Part of the problem is that Pegg—an inspired comic actor when he has someone equally skilled (usually Nick Frost) to bounce his manic energy off of—spends a large chunk of this movie on his own, cowering in the shadows and providing a running commentary of his thoughts via voiceover narration. Early scenes suggest a story about a man too timid to function at all, jumping at the slightest noise and suspicious of everyone he encounters; Jack has a wild shock of hair that makes him look perpetually alarmed anyway, and his constant nervousness threatens to get old in a hurry. So first-time writer-director Crispian Mills engineers an important, hastily arranged meeting with a potential publisher, to which Jack has nothing suitable to wear. This requires an emergency trip to the nearby launderette, where Jack inadvertently terrifies the other patrons, falls for a beautiful young woman (Amara Karan), and discovers that laundry and serial killers aren’t necessarily as far removed from each other as one might reasonably assume.

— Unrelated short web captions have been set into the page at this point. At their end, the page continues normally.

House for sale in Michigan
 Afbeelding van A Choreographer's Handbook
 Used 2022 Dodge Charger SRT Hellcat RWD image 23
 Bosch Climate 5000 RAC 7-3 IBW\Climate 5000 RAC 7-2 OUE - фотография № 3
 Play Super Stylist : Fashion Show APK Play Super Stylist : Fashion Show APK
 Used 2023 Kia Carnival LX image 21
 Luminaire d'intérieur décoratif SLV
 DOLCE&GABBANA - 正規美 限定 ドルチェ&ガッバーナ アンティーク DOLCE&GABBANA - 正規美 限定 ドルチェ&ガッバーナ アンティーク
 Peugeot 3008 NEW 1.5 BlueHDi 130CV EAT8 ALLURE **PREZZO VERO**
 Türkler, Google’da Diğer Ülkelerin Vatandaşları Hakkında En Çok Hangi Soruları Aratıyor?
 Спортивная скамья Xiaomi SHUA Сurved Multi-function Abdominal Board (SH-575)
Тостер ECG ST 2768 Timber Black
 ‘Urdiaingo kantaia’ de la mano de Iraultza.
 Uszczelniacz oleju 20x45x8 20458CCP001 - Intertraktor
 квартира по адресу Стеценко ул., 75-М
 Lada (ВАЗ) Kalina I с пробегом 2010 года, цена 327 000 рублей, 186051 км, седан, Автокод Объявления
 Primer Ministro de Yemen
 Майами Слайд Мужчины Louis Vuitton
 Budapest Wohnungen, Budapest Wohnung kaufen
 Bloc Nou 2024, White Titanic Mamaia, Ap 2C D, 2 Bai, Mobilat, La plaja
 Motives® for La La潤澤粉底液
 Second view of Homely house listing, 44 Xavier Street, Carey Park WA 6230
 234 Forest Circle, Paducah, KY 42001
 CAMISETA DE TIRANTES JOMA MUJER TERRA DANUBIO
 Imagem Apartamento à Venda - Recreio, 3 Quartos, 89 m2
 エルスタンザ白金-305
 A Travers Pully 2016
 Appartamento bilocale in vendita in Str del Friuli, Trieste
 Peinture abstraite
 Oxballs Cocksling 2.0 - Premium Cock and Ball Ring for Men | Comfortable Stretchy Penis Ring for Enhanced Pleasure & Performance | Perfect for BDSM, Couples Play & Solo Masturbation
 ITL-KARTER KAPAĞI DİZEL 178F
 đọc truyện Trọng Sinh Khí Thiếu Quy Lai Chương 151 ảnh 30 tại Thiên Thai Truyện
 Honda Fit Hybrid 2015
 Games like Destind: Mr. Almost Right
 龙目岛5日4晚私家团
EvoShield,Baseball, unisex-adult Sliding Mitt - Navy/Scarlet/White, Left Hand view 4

Mills has no track record of any kind, even in television, and the evidence here suggests that he’s a much stronger director than writer. The movie’s most inspired joke is predicated entirely on careful blocking and camera placement over a period of several minutes, whereas what might have been its funniest sustained gag—Jack accidentally gluing a huge knife to one of his hands, making him appear to be a deranged killer rather than the potential victim he fancies himself—gets ruined by Mills’ failure to have the guy even attempt to state the obvious (“it’s glued to my hand”), even when police officers have stun guns aimed at his chest. Pegg does his best with the material, but A Fantastic Fear Of Everything is more amusing than uproarious, and often not even that; it plays like a couple of over-extended sketches featuring the same thinly drawn character. Odd phobias alone only take you so far, even if you try to hype them.